_ABOUT THIS TASK_
Pull out each line of the records holding the string "Express".
RECORDS TO USE START
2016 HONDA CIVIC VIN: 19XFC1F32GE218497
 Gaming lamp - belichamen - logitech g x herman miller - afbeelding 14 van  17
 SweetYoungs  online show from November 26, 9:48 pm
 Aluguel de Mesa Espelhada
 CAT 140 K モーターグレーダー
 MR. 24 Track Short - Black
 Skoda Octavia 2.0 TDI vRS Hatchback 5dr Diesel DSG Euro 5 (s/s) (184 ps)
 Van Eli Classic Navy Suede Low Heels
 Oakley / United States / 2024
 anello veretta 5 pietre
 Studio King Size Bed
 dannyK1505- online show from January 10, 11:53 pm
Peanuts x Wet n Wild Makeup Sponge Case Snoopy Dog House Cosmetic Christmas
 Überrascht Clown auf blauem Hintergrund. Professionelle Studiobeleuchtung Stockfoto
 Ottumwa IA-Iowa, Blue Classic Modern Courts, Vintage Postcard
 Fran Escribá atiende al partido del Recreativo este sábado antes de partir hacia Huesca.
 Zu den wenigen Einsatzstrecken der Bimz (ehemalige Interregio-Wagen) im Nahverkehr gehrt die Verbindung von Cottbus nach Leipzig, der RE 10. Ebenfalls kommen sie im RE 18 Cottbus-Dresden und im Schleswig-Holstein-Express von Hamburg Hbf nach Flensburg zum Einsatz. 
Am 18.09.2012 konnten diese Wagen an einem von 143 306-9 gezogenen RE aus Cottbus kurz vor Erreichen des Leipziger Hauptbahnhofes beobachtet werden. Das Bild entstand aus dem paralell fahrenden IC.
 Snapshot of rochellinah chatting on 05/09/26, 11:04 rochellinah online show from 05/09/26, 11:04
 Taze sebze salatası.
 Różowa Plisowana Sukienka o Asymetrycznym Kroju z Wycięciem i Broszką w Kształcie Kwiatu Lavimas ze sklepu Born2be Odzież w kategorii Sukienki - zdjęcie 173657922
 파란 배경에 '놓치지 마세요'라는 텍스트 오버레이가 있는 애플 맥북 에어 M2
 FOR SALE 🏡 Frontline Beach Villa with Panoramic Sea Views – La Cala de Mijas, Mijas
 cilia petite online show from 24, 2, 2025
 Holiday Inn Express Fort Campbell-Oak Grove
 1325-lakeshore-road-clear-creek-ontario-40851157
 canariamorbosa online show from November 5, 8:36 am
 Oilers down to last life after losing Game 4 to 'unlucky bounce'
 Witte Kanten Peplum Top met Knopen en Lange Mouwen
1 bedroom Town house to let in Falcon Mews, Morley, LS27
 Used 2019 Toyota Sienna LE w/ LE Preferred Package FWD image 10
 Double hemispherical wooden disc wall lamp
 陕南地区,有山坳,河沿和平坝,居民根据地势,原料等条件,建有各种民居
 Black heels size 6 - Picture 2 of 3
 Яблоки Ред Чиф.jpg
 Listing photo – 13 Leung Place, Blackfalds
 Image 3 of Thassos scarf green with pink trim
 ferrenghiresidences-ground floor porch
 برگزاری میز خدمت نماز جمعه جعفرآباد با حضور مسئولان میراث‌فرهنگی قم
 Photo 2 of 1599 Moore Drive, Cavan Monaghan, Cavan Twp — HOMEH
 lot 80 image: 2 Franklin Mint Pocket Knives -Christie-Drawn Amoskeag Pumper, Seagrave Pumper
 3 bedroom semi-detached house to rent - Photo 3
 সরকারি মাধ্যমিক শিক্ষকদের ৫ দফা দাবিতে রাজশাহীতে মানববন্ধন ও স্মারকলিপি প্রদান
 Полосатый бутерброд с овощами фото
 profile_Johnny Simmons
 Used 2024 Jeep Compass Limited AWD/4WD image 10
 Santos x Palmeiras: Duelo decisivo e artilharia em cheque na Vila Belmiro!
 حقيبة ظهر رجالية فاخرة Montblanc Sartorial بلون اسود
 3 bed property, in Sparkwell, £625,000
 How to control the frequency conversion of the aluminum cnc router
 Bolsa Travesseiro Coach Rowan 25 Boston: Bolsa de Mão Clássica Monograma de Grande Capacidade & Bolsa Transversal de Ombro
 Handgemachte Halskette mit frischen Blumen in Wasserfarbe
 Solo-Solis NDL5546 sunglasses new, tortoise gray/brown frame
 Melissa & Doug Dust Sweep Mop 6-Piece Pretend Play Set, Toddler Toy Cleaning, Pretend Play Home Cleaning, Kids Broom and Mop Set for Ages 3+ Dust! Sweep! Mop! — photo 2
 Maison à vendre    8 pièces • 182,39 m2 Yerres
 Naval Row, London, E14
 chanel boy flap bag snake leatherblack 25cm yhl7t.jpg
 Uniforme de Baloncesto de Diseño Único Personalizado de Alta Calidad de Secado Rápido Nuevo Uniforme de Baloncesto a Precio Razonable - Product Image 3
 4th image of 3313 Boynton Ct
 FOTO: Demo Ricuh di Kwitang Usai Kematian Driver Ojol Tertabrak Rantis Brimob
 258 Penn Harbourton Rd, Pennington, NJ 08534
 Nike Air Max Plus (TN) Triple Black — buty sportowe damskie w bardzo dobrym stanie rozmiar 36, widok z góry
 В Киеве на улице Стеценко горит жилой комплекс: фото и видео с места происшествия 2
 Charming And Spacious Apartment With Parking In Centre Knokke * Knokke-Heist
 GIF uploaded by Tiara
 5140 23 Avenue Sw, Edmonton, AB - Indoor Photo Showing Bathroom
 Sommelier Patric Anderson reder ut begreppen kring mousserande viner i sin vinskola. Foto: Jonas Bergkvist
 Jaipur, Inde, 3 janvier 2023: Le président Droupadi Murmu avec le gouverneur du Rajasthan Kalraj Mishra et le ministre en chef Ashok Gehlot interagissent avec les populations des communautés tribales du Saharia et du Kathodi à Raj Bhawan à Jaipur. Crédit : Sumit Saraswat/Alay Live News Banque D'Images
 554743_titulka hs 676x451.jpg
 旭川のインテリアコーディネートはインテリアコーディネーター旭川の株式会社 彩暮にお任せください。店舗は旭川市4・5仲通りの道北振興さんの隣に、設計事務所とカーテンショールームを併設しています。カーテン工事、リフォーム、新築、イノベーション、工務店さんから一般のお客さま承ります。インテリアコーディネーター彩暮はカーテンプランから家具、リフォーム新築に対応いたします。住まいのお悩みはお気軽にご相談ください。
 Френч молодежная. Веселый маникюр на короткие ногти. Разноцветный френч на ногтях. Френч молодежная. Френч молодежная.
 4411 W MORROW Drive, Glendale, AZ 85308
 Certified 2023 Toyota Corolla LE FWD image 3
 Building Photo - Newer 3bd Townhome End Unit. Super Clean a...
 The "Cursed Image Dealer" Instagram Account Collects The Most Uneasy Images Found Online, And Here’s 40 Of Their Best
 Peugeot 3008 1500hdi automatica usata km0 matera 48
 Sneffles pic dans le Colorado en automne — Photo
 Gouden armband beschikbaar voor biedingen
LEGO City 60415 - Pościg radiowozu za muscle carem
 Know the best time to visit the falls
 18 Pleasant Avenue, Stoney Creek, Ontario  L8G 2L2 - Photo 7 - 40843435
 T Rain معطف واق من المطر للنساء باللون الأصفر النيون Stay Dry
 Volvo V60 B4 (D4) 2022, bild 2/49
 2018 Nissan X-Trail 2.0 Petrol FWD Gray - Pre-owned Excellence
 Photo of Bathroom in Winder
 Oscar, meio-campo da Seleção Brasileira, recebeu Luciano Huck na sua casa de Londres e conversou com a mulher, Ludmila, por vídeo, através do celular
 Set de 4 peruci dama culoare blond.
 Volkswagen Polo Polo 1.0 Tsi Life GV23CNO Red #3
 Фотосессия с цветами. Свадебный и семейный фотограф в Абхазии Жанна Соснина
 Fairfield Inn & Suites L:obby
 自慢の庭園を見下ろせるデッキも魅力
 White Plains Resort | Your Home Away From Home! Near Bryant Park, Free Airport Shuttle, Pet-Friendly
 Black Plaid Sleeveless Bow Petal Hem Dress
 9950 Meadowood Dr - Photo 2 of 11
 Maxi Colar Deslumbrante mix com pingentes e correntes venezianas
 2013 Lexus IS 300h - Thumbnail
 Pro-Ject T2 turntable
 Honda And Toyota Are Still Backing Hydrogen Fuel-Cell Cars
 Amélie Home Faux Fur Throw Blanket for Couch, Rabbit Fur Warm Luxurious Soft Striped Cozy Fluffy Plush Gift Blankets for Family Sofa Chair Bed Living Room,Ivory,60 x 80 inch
RECORDS TO USE END
_THE COMPLETED TASK_
 Zu den wenigen Einsatzstrecken der Bimz (ehemalige Interregio-Wagen) im Nahverkehr gehrt die Verbindung von Cottbus nach Leipzig, der RE 10. Ebenfalls kommen sie im RE 18 Cottbus-Dresden und im Schleswig-Holstein-Express von Hamburg Hbf nach Flensburg zum Einsatz. 
 Holiday Inn Express Fort Campbell-Oak Grove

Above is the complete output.